■ Provided material ■
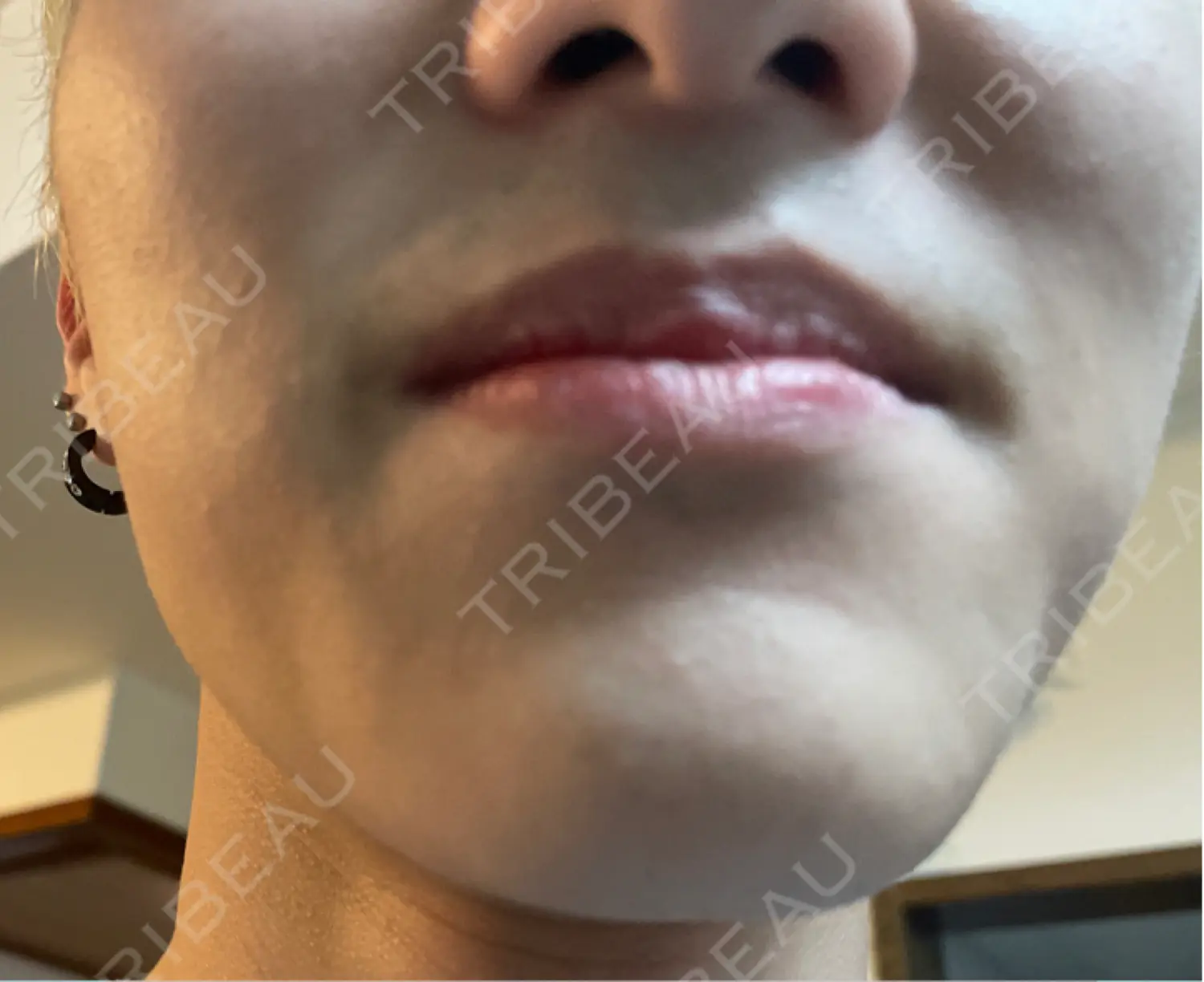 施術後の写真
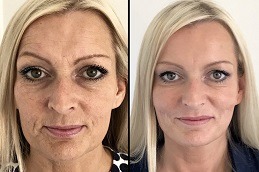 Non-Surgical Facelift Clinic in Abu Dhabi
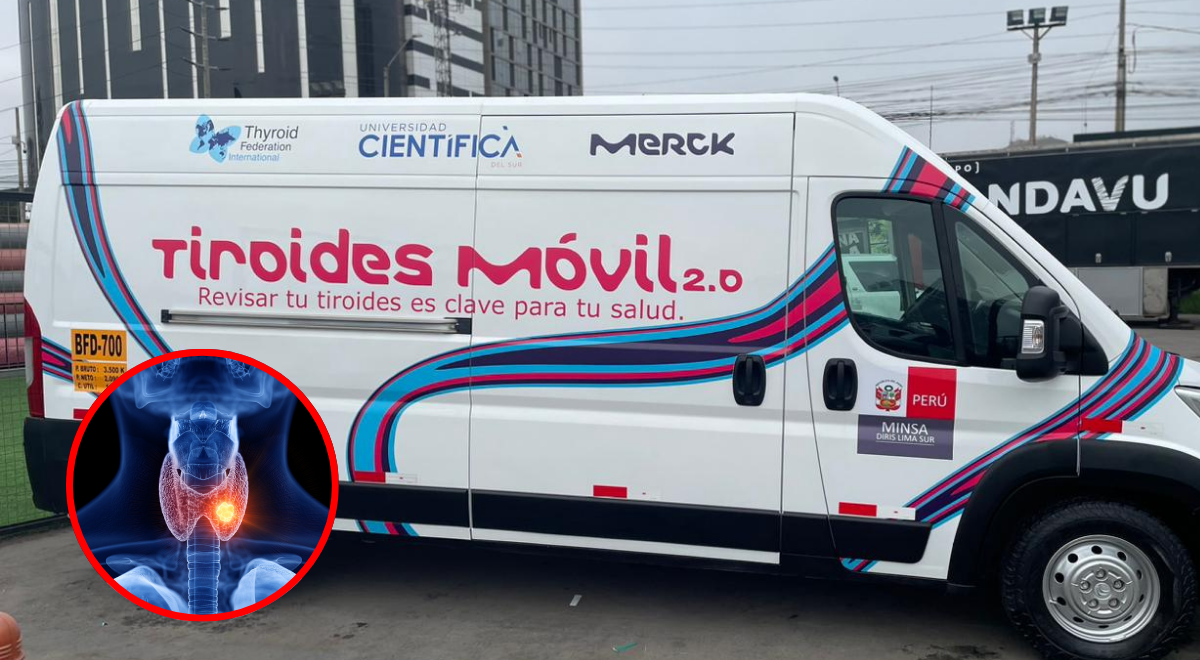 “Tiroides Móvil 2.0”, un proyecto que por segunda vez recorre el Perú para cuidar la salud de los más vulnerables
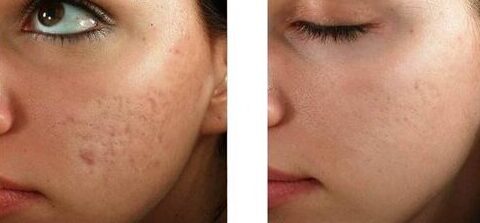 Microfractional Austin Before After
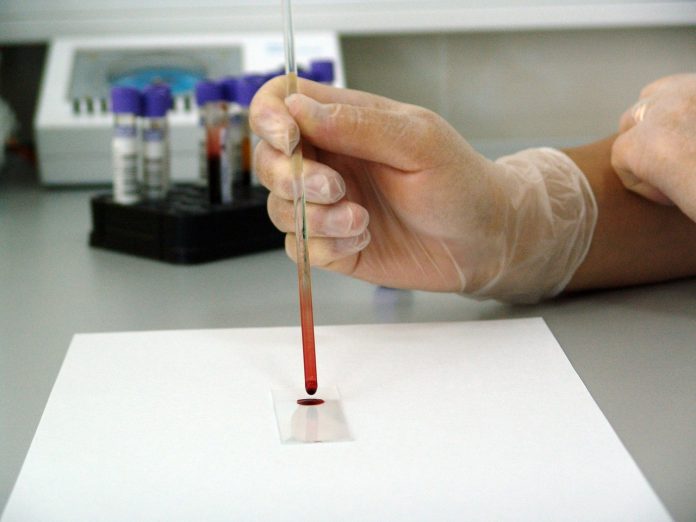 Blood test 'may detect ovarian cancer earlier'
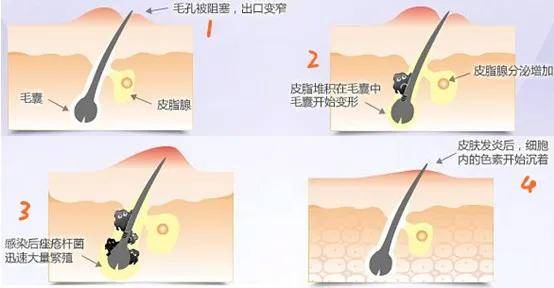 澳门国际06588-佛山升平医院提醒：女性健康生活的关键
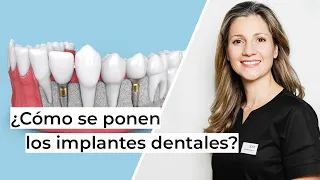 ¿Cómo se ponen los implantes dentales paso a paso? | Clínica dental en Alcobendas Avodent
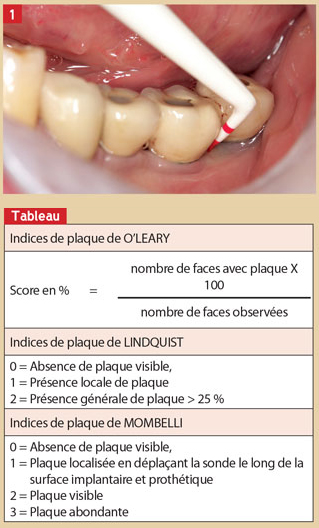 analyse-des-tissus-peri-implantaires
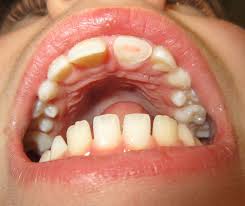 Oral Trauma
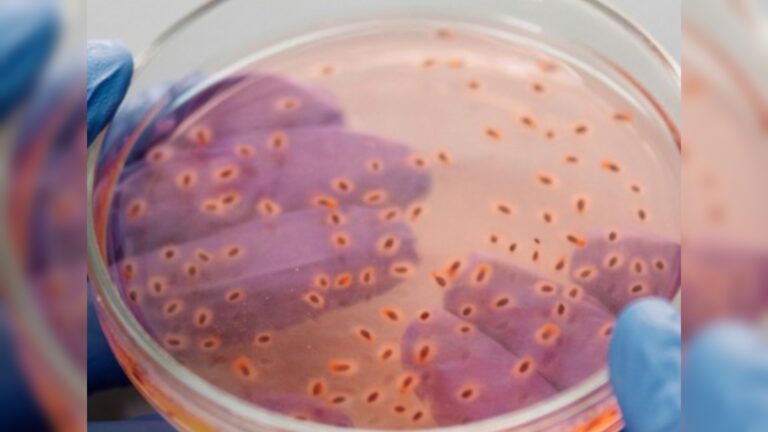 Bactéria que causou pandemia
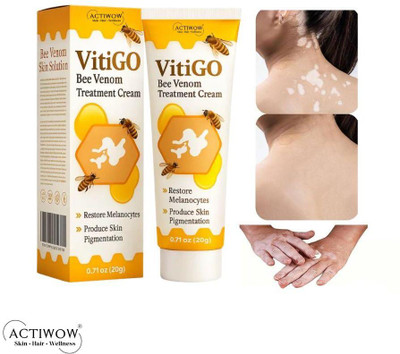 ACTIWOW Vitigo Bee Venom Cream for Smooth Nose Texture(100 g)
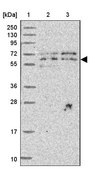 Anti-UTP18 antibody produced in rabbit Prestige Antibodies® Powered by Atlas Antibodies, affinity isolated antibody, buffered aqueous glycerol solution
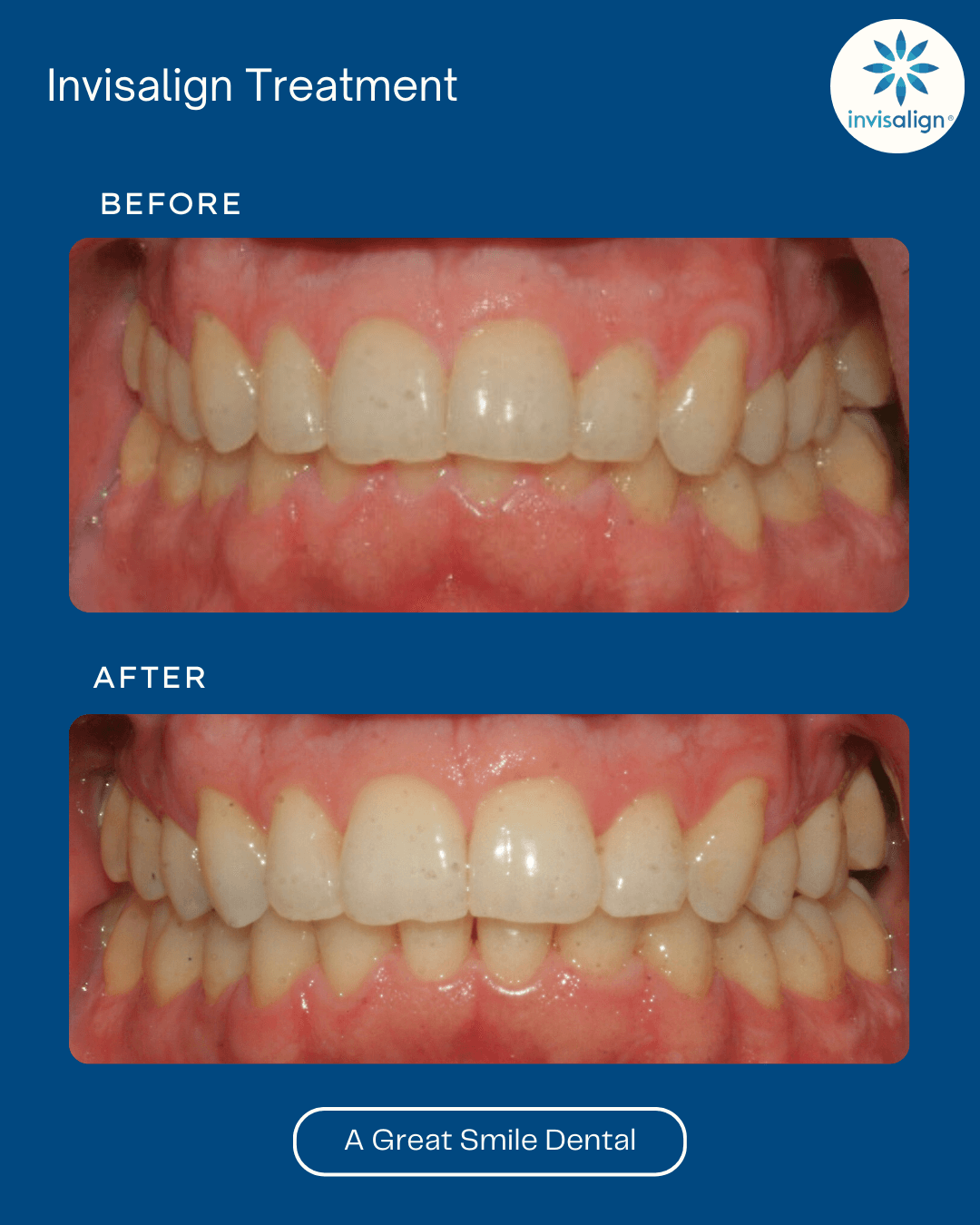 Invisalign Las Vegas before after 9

■ Problem details ■
Give the lines above again exactly, from the one containing "en Alcobendas Avodent" to the one containing "ACTIWOW Vitigo Bee", both included, but leave out the pictures.

■ Solution to this task ■
 ¿Cómo se ponen los implantes dentales paso a paso? | Clínica dental en Alcobendas Avodent
 analyse-des-tissus-peri-implantaires
 Oral Trauma
 Bactéria que causou pandemia
 ACTIWOW Vitigo Bee Venom Cream for Smooth Nose Texture(100 g)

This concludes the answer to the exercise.